While Rousey is the first big female star in the UFC, Tate comes off so much better here. She’s articulate, talks a great game and just seems way more balanced and level headed. Will that prevail in the ring? Hard to say.

If you haven’t watched TUF yet this year, it’s definitely worth finding Fox Sports 1 wherever it is on your cable box and checking it out.

10 COMMENTS

  1. Missed Agents of Shield but I’m sure I’ll catch it at some point. I’m not actually all that interested, to tell you the truth, but that’s just where I am in life, right now. I’m sure it will be fine. Had Fangasm on, while I got the kids ready for bed, after we all watched Face Off (which is a really good show, if you enjoy watching people be creative) and found most of it very lackluster. Comic book/pop culture has so much more meet to it. It’s an art movement. Why can’t we have a show that demonstrates that? Face Off demonstrates that makeup effects are an art form. However, I’ll agree with you that the cast was very likable. Molly had some good points to make about being a fan-girl, and the meeting of George Takei was kind of touching. If they could cut out the ‘how long can you hold up your ray gun’ bull, and have them ‘show and tell’ more about why they love what they love, it could actually be made to represent something legitimate.
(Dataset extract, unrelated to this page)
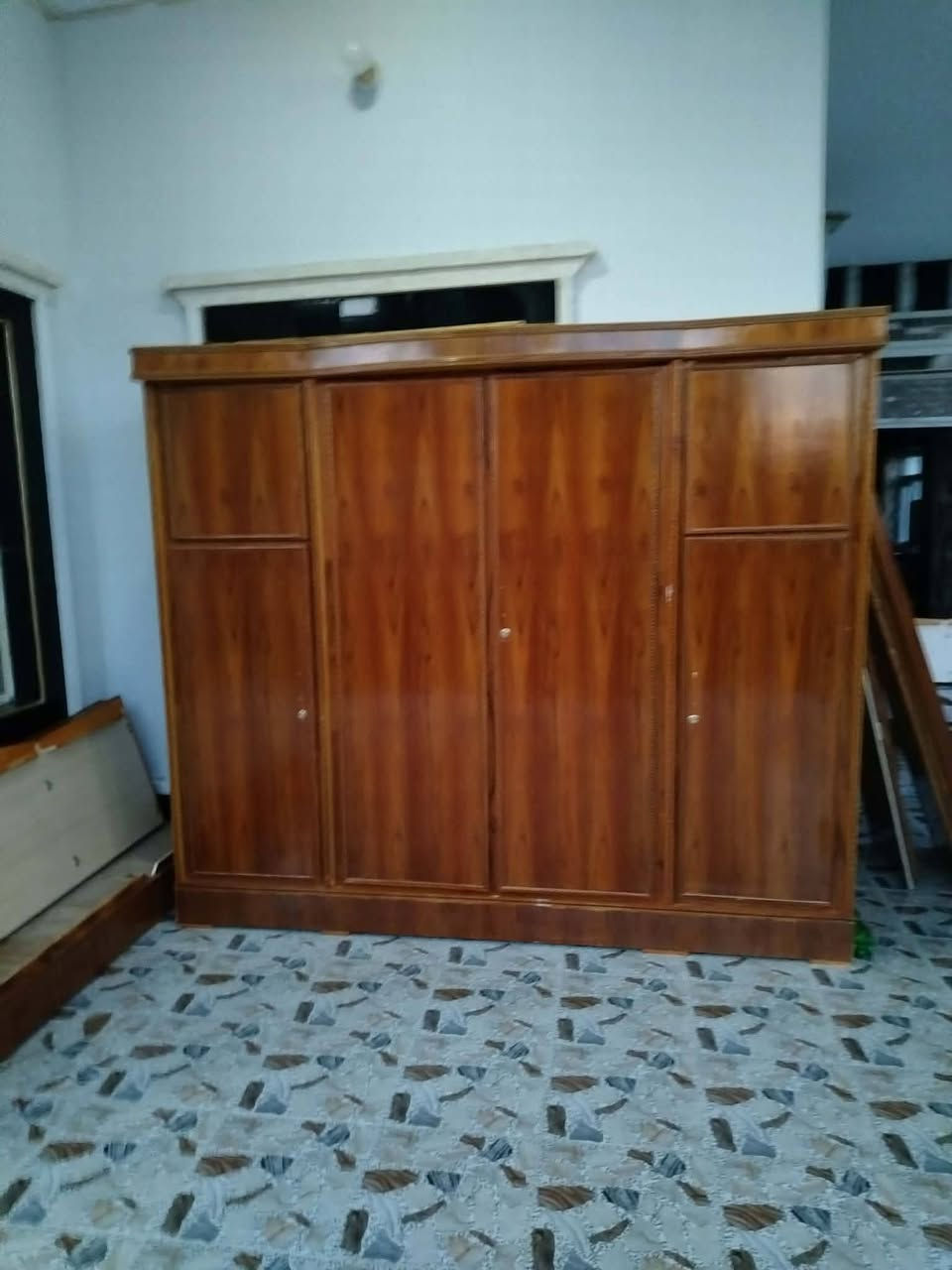 يوجد كناتير للبيع بأسعار مناسبه
اربع ابواب جديد الاستفسار على هاذه الرقم ***********بي واتساب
  2. Not a big UFC guy at all, but I heard Rousey being interviewed on a local LA morning show (KROQ) a couple weeks ago and instantly fell in love with her. She was funny and full of personality and, I later learned, a total badass in the ring (also gorgeous). But I have to agree – she comes off very poorly on the show. I wonder if much of it is posturing for the cameras.

  3. You know if you step back a moment and look at it Coulson on Marvel’s Agents Of S.H.I.E.L.D. is basically McCoy or Stone or even Lenny Briscoe of Law And Order only with a secret hero development. If I see Coulson step into a room and justify his actions with a file or papers or data of some sort I know the archetype paradigm is correct!

  4. I have faith in Clark Gregg to play a good leader for the team, and Ming Na has some screen presence, but the rest of the cast is fairly unimpressive. They’re certainly not bad but they left almost no impression on me at all. The two lab rats’ main characteristic seems to be being British, and hacker girl is trying to be the spunky Whedon female type but isn’t there yet.

    The worst offender though is generic white guy spy model #23. They could recast him in the next episode and I would be completely unable to tell the difference.

  5. Shield? Dull characters, every line of dialogue straining for flip cleverness in that screenwriting-class way that makes so many comics unreadable.

  6. I read Steranko’s comment more as ‘why isn’t there a black member of the team as opposed to a black person being the stand in for the poor single parent who got fired from the factory and can’t get a job’. And it that’s what he meant he has a real point. It’s an awfully white show in the days of Shonda Rhymes style casting.

  7. Oh actually on second read I gather that he thinks the hooded hero is meant to be a Trayvon stand in. I didn’t get that as much.

  8. TUF needs to be cancelled. The quality of competition on that show will never be the same. MMA fighters are winning regionally and in smaller promotions and getting signed directly by the UFC. TUF will be cancelled after the Edgar vs Penn seasons tanks.